**WORK TO COMPLETE:** Set down, character for character, everything in the records below from the line holding "Apron with Orange Tabby Kitten" down to the line holding "Obraz premium Fenicotteri", and no other line.

**RECORDS SUPPLIED:**
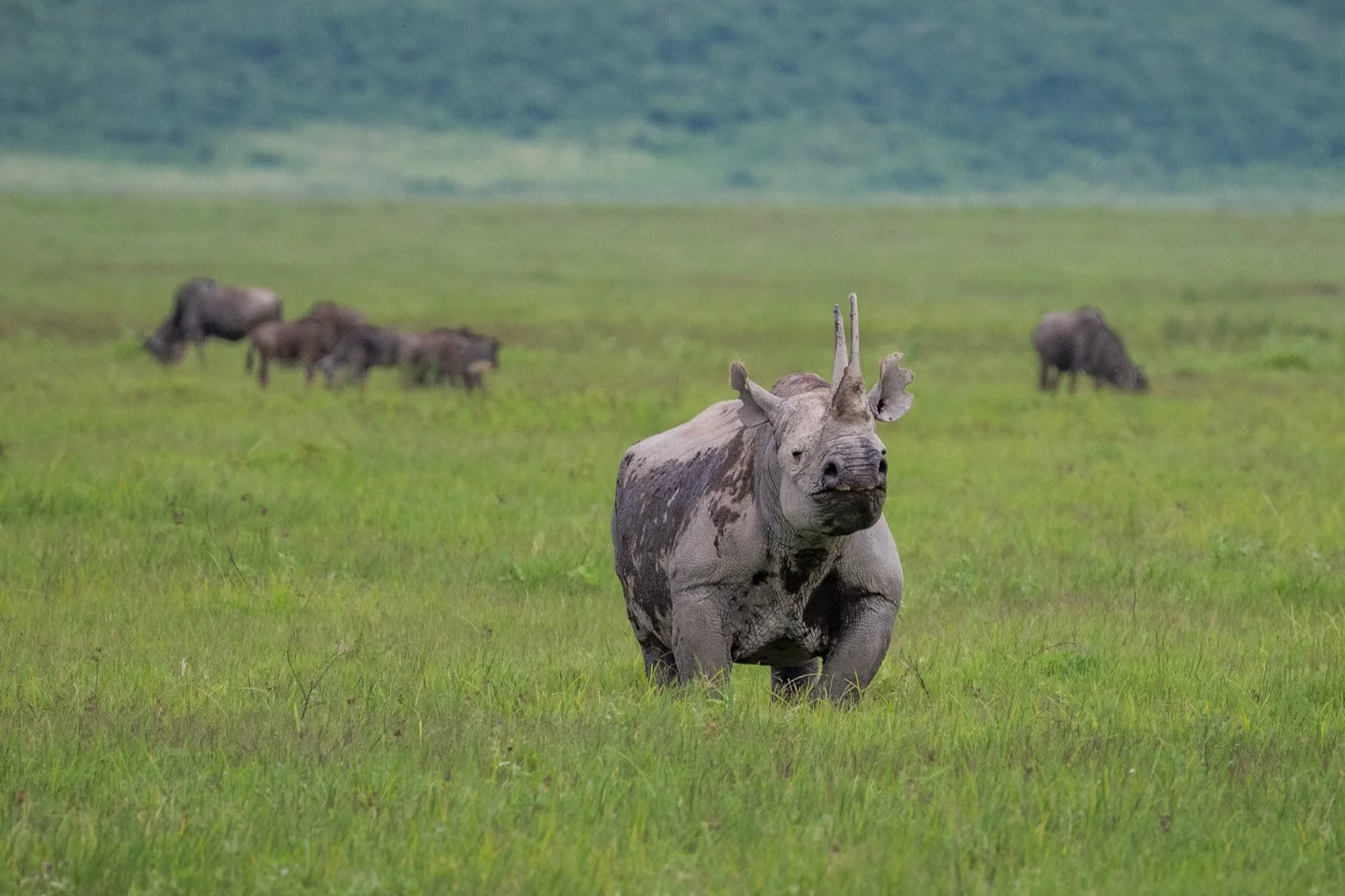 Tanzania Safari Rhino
* * *
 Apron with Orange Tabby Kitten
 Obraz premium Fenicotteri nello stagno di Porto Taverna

**RESULT OF THIS TASK:**
 Apron with Orange Tabby Kitten
 Obraz premium Fenicotteri nello stagno di Porto Taverna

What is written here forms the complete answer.